I find it odd because we are talking about a rock show.

Rock ’n’ roll, when done right and well, is the music of dissent. It’s the soundtrack of tirades. You can’t have rock ’n’ roll without commentary because rock ’n’ roll, by its very nature, is commentary.

Look, I’m not going to pretend that the Number 9 shows are organized as musical manifestos. They are pretty innocuous. The band’s sets tend to run heavy on love songs and light on angry anthems. There’s no turn toward black metal, and the nearly always jovial Turner has never once spit blood or indulged in an Ozzy-style bat snack. But he is playing rock music.
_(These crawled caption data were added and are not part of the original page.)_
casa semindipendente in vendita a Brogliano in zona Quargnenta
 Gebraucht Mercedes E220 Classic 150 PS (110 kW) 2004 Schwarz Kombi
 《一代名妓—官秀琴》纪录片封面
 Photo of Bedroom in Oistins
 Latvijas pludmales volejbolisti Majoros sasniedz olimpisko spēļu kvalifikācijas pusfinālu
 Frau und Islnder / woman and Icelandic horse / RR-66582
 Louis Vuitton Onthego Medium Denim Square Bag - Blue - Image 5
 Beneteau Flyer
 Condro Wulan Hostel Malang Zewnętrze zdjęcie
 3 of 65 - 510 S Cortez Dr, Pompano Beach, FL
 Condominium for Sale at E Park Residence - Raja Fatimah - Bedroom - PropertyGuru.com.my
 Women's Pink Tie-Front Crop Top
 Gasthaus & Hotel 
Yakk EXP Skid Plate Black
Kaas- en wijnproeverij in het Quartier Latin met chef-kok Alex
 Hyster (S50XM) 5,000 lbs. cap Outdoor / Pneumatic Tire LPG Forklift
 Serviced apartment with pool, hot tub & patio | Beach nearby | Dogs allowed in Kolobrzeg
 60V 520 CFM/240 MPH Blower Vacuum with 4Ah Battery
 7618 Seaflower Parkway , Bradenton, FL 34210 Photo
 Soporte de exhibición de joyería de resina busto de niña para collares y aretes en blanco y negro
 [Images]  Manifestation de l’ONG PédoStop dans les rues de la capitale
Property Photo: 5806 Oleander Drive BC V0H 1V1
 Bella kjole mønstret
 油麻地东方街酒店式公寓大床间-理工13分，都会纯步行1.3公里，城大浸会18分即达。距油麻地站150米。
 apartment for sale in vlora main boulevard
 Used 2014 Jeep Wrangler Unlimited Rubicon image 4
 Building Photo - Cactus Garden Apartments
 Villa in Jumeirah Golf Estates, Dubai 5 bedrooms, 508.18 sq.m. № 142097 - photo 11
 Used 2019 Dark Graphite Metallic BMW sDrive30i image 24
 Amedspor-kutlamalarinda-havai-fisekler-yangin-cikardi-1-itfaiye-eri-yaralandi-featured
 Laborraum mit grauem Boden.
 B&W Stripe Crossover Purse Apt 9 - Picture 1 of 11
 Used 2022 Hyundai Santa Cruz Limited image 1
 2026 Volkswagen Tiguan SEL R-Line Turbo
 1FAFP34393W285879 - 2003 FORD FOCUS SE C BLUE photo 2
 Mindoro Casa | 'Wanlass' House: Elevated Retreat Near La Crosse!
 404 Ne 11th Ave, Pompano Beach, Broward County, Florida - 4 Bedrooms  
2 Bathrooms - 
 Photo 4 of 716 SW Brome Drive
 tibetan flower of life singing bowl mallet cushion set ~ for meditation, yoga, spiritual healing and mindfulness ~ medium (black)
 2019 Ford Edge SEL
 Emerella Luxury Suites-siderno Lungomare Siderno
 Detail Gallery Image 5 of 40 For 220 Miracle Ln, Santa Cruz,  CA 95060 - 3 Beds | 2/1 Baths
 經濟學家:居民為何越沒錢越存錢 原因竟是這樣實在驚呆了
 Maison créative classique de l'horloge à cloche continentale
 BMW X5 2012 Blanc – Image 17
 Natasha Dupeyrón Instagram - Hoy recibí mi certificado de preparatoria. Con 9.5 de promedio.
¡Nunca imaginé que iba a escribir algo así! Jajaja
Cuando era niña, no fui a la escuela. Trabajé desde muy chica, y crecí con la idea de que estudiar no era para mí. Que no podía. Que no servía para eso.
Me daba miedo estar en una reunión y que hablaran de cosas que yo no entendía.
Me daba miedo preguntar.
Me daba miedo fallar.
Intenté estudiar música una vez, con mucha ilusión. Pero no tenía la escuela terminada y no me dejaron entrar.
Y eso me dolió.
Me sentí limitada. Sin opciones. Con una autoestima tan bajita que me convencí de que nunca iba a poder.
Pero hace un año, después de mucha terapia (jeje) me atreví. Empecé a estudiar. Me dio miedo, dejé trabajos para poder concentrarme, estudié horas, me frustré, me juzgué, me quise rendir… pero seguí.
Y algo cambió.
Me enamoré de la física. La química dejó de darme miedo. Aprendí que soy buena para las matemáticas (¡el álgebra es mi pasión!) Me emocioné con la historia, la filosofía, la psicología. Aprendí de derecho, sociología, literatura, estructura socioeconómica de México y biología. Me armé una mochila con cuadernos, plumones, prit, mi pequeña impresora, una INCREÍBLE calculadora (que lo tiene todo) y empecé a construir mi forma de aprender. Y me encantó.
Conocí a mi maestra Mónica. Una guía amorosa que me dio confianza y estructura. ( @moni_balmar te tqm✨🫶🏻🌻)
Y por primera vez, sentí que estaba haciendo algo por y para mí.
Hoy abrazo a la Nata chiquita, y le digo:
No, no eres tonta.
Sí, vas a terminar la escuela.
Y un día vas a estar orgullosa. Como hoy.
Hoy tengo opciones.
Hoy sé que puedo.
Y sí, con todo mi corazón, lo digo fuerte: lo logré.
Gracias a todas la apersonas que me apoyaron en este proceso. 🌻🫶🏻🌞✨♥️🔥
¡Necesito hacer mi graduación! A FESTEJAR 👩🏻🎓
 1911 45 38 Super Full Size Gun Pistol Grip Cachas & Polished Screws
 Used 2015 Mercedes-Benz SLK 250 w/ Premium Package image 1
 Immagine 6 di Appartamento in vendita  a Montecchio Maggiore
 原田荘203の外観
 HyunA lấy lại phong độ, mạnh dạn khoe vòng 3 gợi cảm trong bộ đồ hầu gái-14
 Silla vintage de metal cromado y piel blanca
The rock music that has always enjoyed healthy helpings of passion and, yes, protest.

The surprise isn’t that Turner, a rock musician and scholar, said something slightly controversial. The surprise is that it took him six years and scores of live performances to get around to it.

It will be interesting, moving forward, to see how things play out for the Number 9 concerts. By separating from the Exchange Club – which also handled a lot of the production aspects of the show – Turner and his band find themselves at a crossroads. I know the plan is to move forward, to become an independent unit staging, promoting and performing. The elimination of the middle man, however, means a lot of additional responsibility for people who have previously been allowed to concentrate on show business and not the business of the show.

Freedom has its price. Turner seems prepared to pay it. I’m glad. He is a man who needs to keep rocking, talking and reminding people that the two activities are not mutually exclusive.